It's official. I'm done with my first week of medical school. Overall, I can say it was definitely less stressful than the first week of college, much less stressful than the first week of high school and not quite as frightening as the first week of junior high, that is until I saw my first histology slides.

The first five weeks of medical school, otherwise known as Block 1, is titled "Becoming a Doctor." We focus on public health and related topics such as biostatistics and epidemiology during this period. We still learn a little basic science during this time, and we also start learning the basic aspects regarding physical diagnosis. The material is fairly straightforward (it's really a review for me so far), but it's very interesting and can make for great discussion.

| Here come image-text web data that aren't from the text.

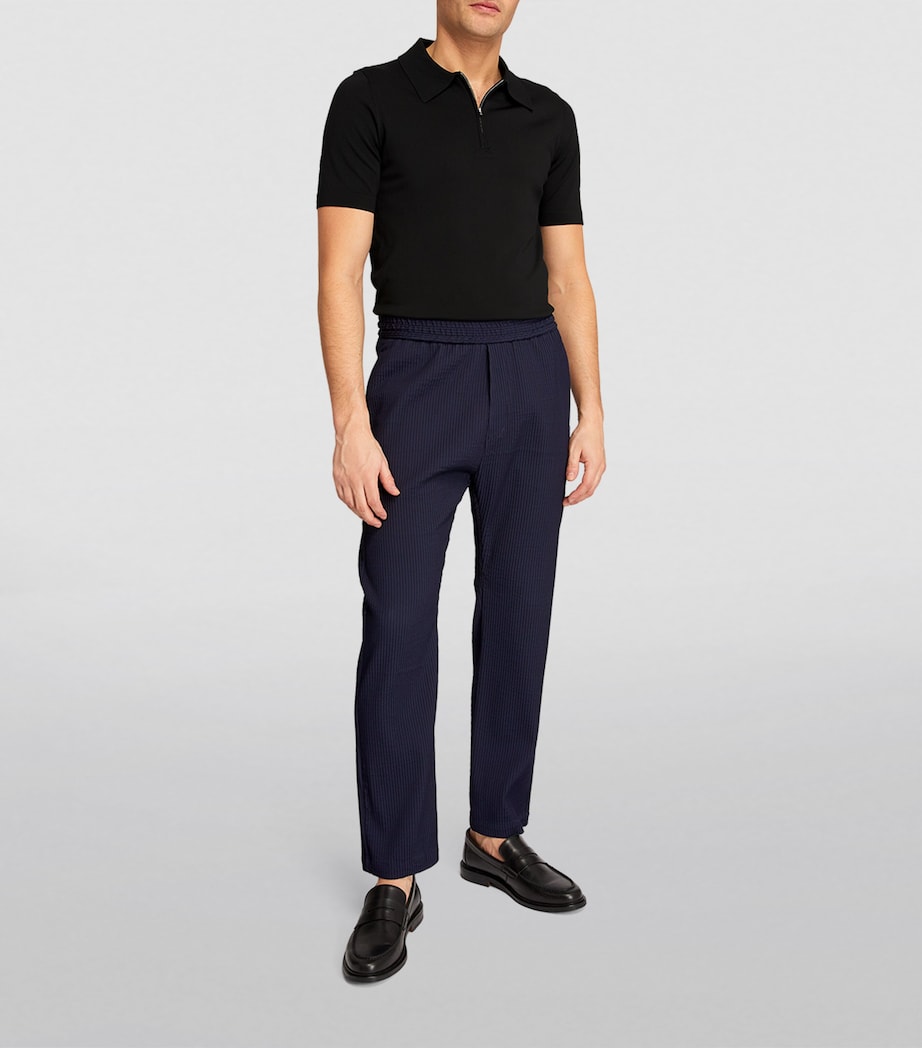 Half-Zip Polo Shirt BLACK Image 2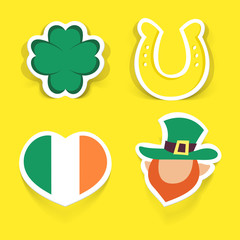 Set of vector stickers for St.Patrick's day design.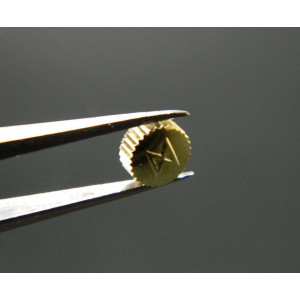 Edox couronne dorée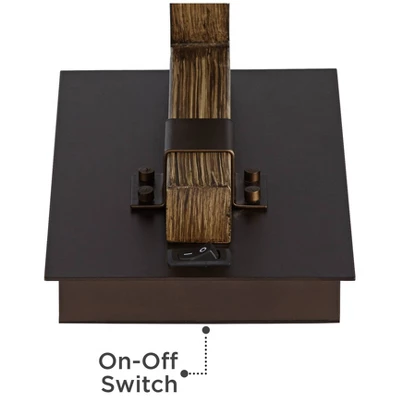 Franklin Iron Works Tribeca Rustic Farmhouse Table Lamp 25" High Metal With USB Charging Port Light Mica Drum Shade For Bedroom Living Room Bedside 5 Franklin Iron Works Tribeca Rustic Farmhouse Table Lamp 25" High Metal With USB Charging Port Light Mica Drum Shade For Bedroom Living Room Bedside - Image 4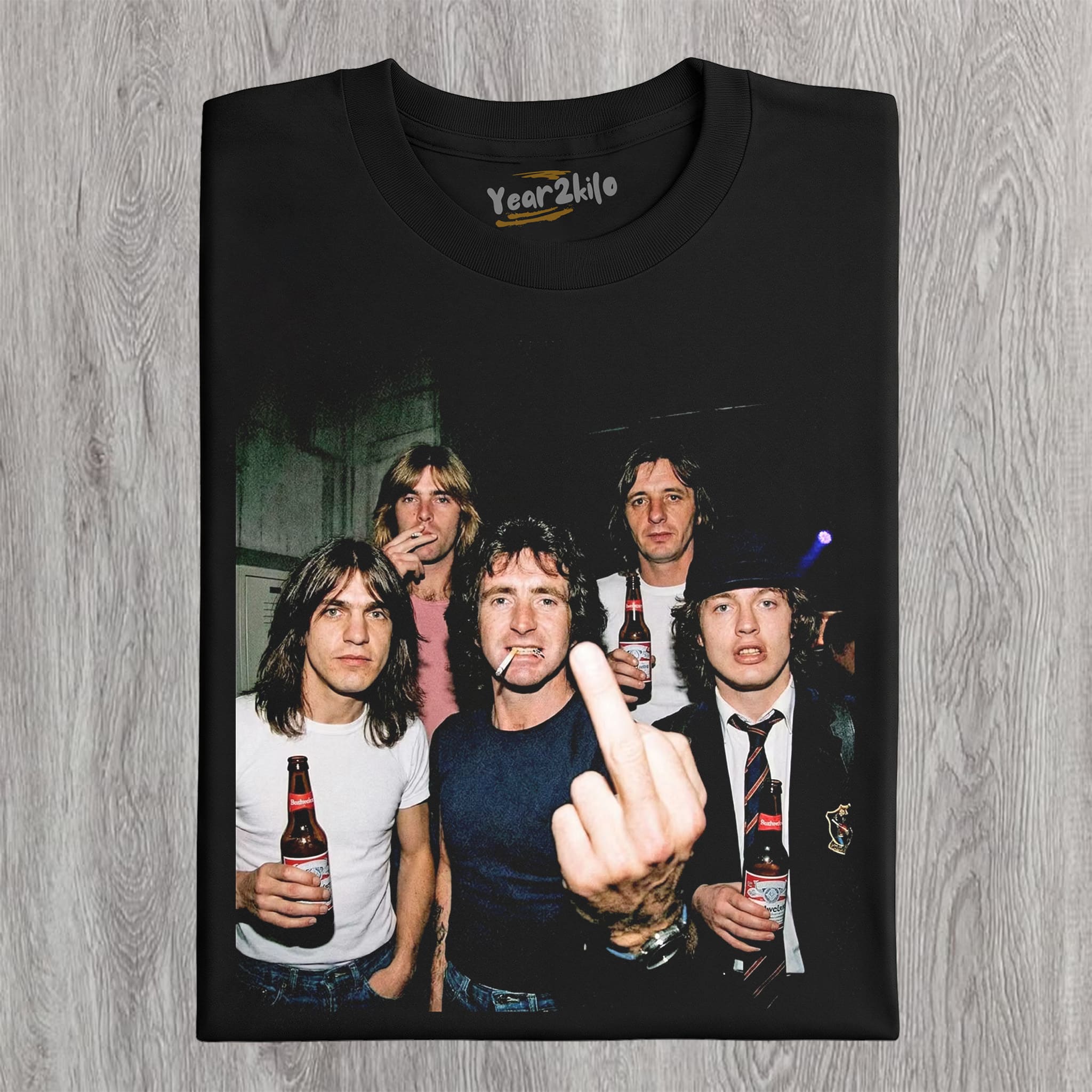 FUNNY ACDC V2 VINTAGE TANK TOP & TEE & LONG SLEEVE & LAYERED LS & HOODIE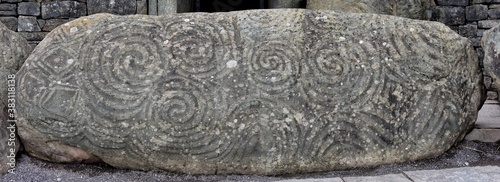 Exterior Rock Art Stones Newgrange Monument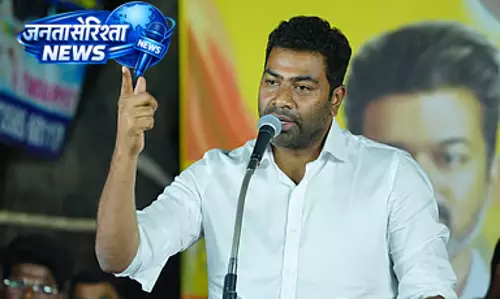 थावेका के अधव अर्जुन ने DMK गठबंधन पर लगाई आरोपों की तीखी प्रतिक्रिया थावेका के अधव अर्जुन ने DMK गठबंधन पर लगाई आरोपों की तीखी प्रतिक्रिया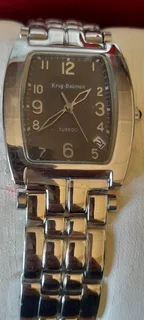 Krug-Baümen Tuxedo Silver Watch. Brand New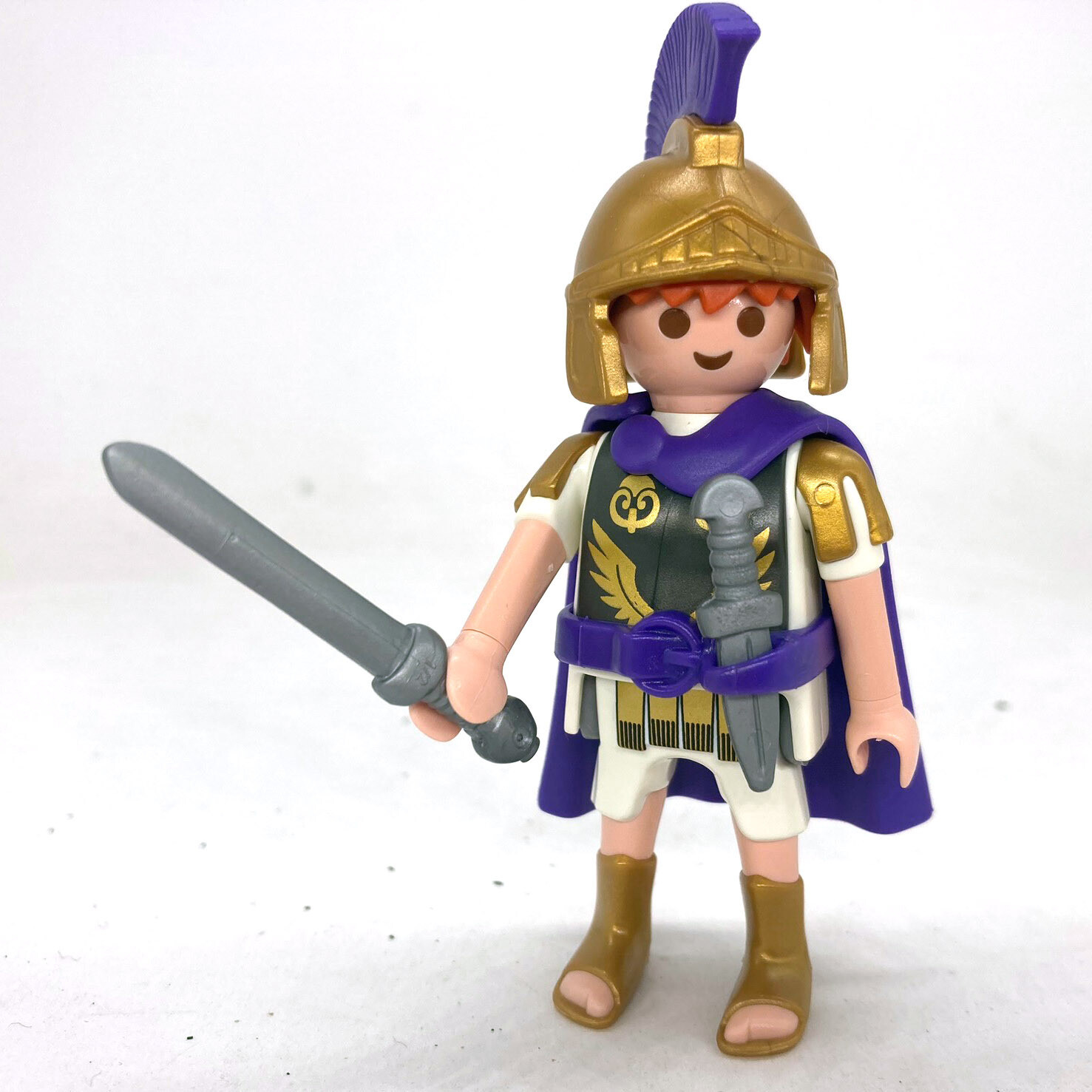 Playmobil centurion romain cape bleu S20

One of the first interesting topics presented to us this week was the tension between medicine and public health. Generally when you think of the two, they should be related, right? In reality, they're not. Fundamentally speaking, medicine is very individual oriented whereas public health considers a greater population. Medicine takes a biomedical perspective. Public health considers broader determinants of health such as socioeconomic status. You can get rich doing medicine. You'll be broke doing public health.

For me, the fun this week began when our block leader (who happens to be one of my mph advisors), gave us a presentation where he presented data from studies looking at the interface between socioeconomic disparities within a society and associated health outcomes. There is data which shows a greater income disparity within a population, regardless of total net income (wealth) in that society, is correlated with worse health outcomes than would be observed in populations with a more level income distribution. As you can predict and probably know, America tends to have worse health outcomes than pretty much any other industrialized nation since the poverty gap here is quite large. Of course, these data may be potentially misleading when considering the measurements/standards used, but nevertheless, I think we can all agree that there are quite a few health disparities across the spectrum of socioeconomic status.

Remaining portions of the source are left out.